Conceptual underpinnings

It is worth clearly stating what memory barriers are not:

1. Memory barriers are not a way of making prior memory accesses get done faster.

   On the contrary, although memory barriers might slow down subsequent stores, they rarely make anything go faster.

2. Memory barriers are not fairy dust that magically makes your concurrent program work correctly.

   Yes, sprinkling memory barriers might reduce your failure probabilities, but so might random delays. If you use memory barriers, you had better understand them.

3. Memory barriers are not a mechanism that commits prior stores to main memory.

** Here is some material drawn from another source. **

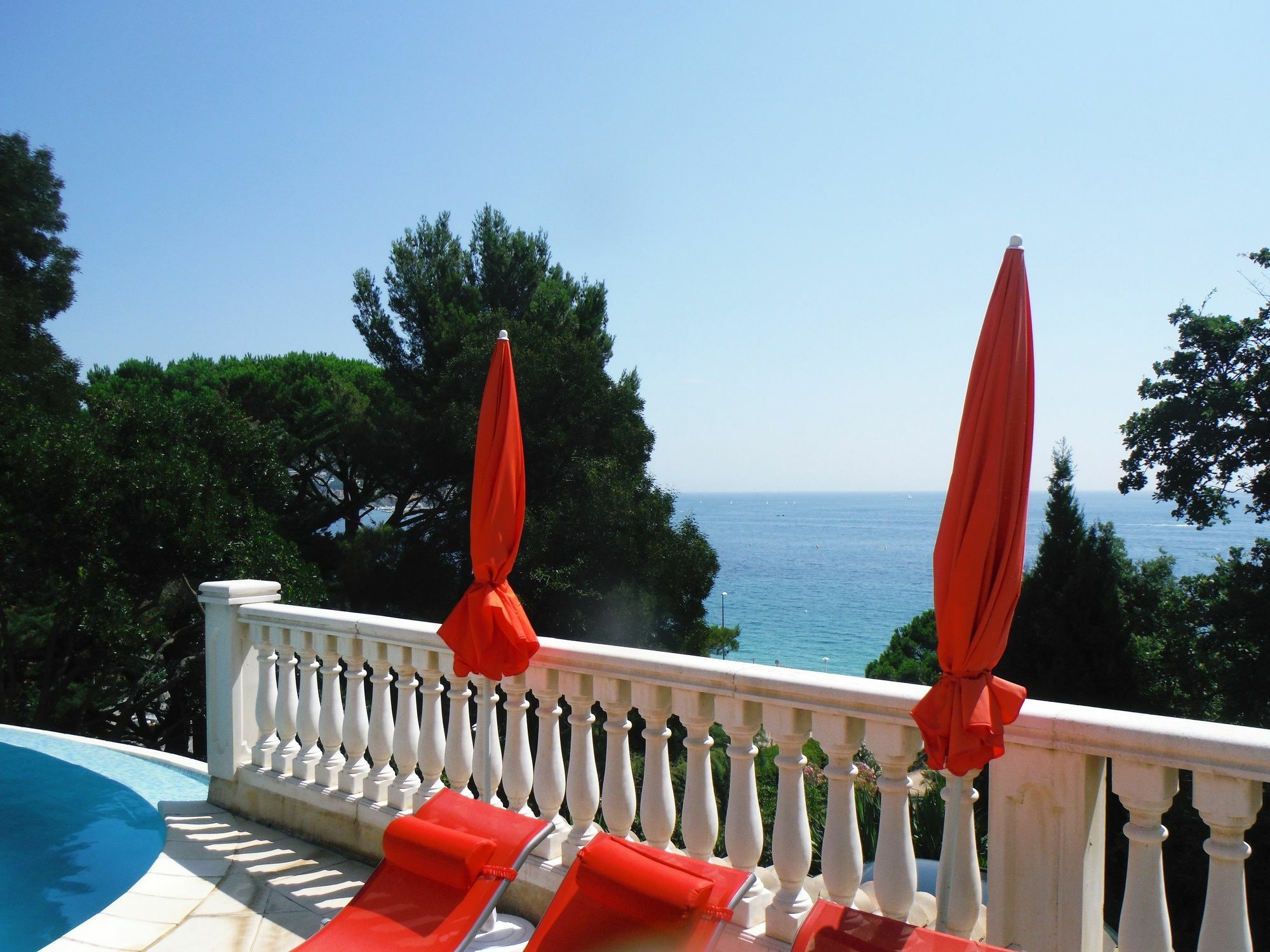 Lou Trelus Hotel Sainte-Maxime Exterior photo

   In fact, memory barriers control memory-mapped I/O (MMIO), store buffers, and perhaps also caches, but not normally main memory.

4. Memory barriers are not a broadcast mechanism that transmits prior stores to other CPUs.

   Memory barriers do not necessarily transmit anything, they only force ordering.

5. Memory barriers are not a way of providing unconditional ordering guarantees.

   You cannot expect an isolated memory barrier to do much of anything for you, except in a very few special cases. You must instead work with pairs of memory barriers.

The truth is that pairs of memory barriers provide conditional ordering guarantees. The conditional nature of these guarantees is encapsulated in if-then conditions. To illustrate this, let's look at a simple example where x and y both are initially equal to zero:

CPU 0                    CPU 1

x = 1;                   r1 = y;
cmm_smp_mb();            cmm_smp_mb();
y = 1;                   r2 = x;

The pair of memory barriers is the pair of cmm_smp_mb() statements. Now, if r1 == 1, then we know that CPU 0's store to y preceded CPU 1's load from y. If this condition is met, then the two memory barriers guarantee that CPU 0's store to x also preceded CPU 1's load from x, which means that r2 == 1. In short, this memory-barrier pair guarantees that if r1 == 1, then r2 == 1, as illustrated in the diagram to the right.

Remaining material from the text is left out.